* SUPPLIED DATA:
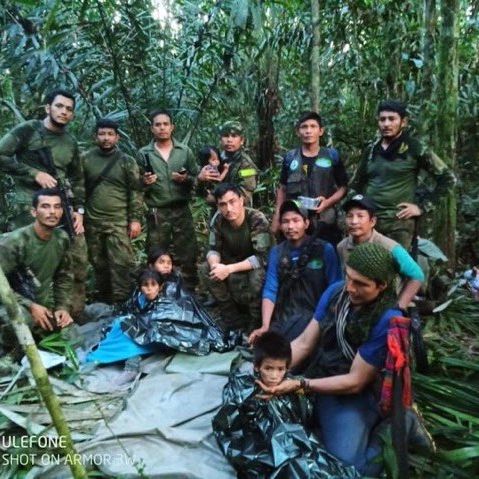 URGENTE: Crianças vitimas de acidente com avião são encontradas na Amazônia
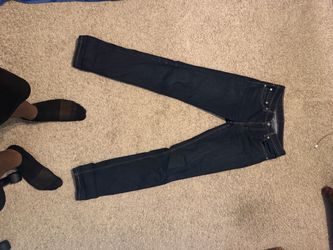 Levi’s Men’s Dark Blue Jeans 32x36 Denim Pants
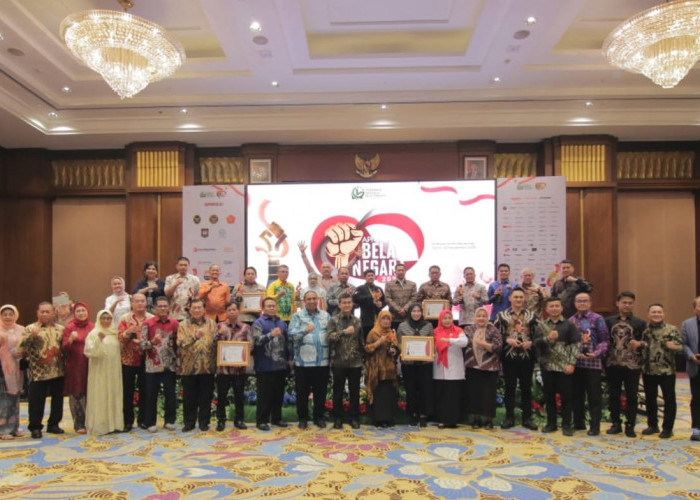 60 Tokoh Kementerian dan Lembaga Terima Penghargaan Apresiasi Bela Negara 2025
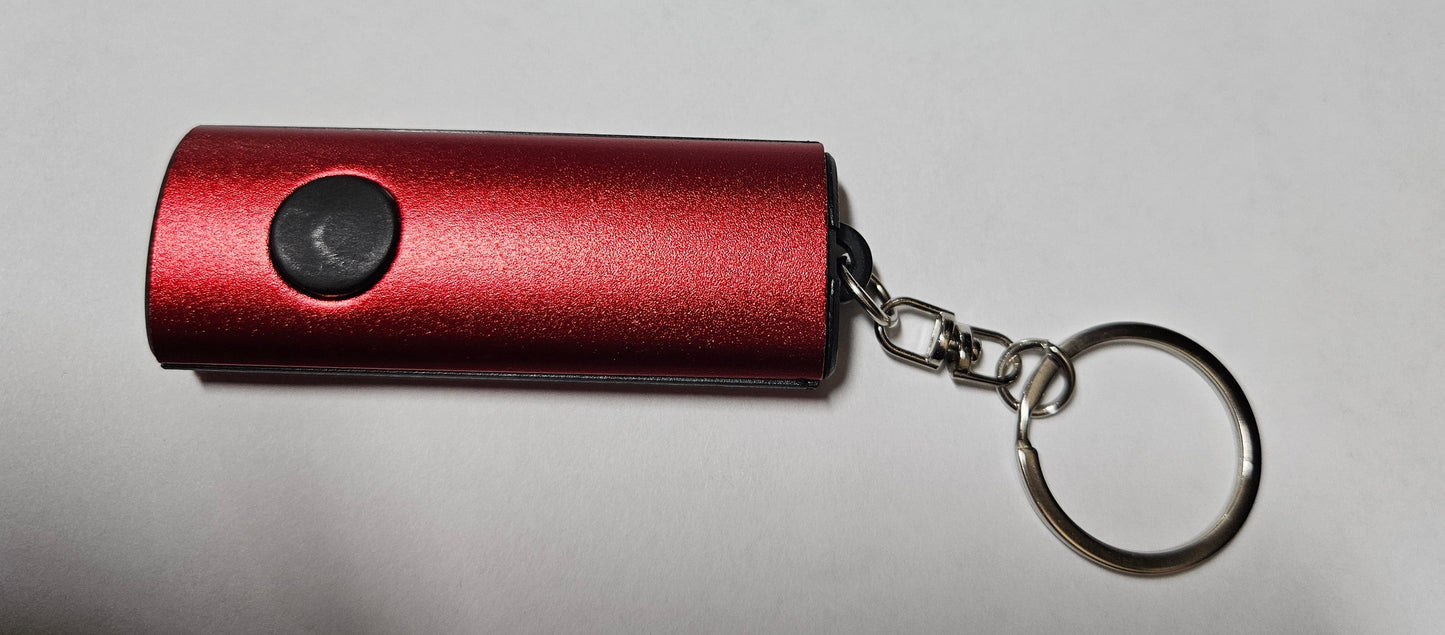 Aluminum Keychain W/ Light-KWKH9003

* GOAL OF THE EXERCISE:
From the line containing "60 Tokoh Kementerian" down to the final line of the listing above, write out only those lines exactly as they are, minus the pictures.

* ANSWER FOR THE TASK:
 60 Tokoh Kementerian dan Lembaga Terima Penghargaan Apresiasi Bela Negara 2025
 Aluminum Keychain W/ Light-KWKH9003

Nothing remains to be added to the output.